Gimme Everything You Got - Iva-Marie Palmer Page 0,122

I said. “Maybe it’s about screwing up, and knowing that what matters about our mistakes is fixing them.”

He gave me a wry smile. “You might be right,” he said, not apologizing.

But then, did he really owe me an apology? He was just a man. Everything else I’d thought of him had been my own creation.

“I can stay out of your way for a while, let you lead the team,” he said. “But I hope you’ll want me to be your coach again.”

I let this settle. The notion that he wanted some role in my life was flattering, and I almost felt sorry for him as he stood there in his algebra teacher clothes. His collar was a little yellow. I wondered if it always had been, and I just hadn’t let myself notice.

“All I want is to kick a goal so hard past Ken’s face that it feels like a close shave of the beard he can’t grow,” I told him. “Whether you’re my coach or not.”

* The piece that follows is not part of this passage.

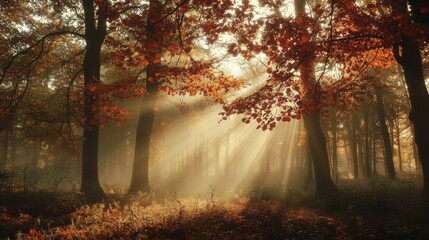 Obraz premium Sunlight streams through autumn foliage in a misty forest.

Together, we walked out into the hallway, now mostly empty except for a smattering of students late for class. “I’m your coach,” he said. “All the way.”

“Then it’s settled,” I told him.

We walked next to each other, without talking, to the end of the hall and turned separate ways when we reached the trophy case at the end.

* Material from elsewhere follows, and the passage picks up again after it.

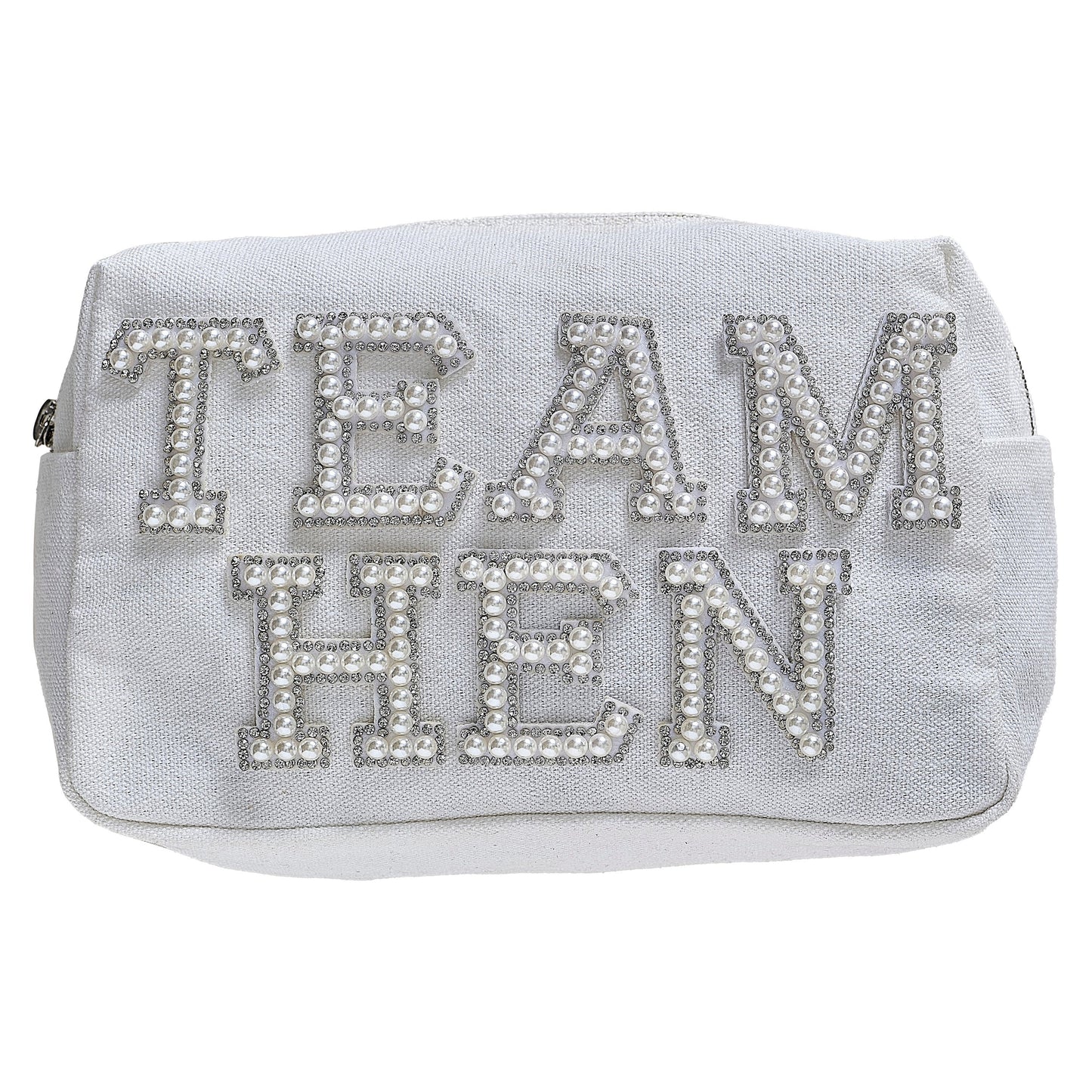 Embellished Pearl Team Hen Makeup Bag- 5 Inner Pack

“See you at practice,” Bobby said.

“Okay,” I said. Then added, “Coach.”

Some habits were hard to break.

Thirty-Four

Bobby and Tina might have been on board with the St. Mark’s rematch—or, first match, technically—but the team was taking some convincing. Even as we practiced longer, and were now allowed to use the football field at night when the boys were done with it, the school’s attention was going to winter sports, and whatever small amount of money the school had been funneling toward us was coming in a much narrower trickle. We had started the season with nearly twenty balls and now were down to ten serviceable ones. The temporary goals we had to use on the football field needed new nets, and some of Bobby’s beloved cones had been crushed to the point that they couldn’t be revived. One night, the grounds crew even turned off the field lights on us midpractice.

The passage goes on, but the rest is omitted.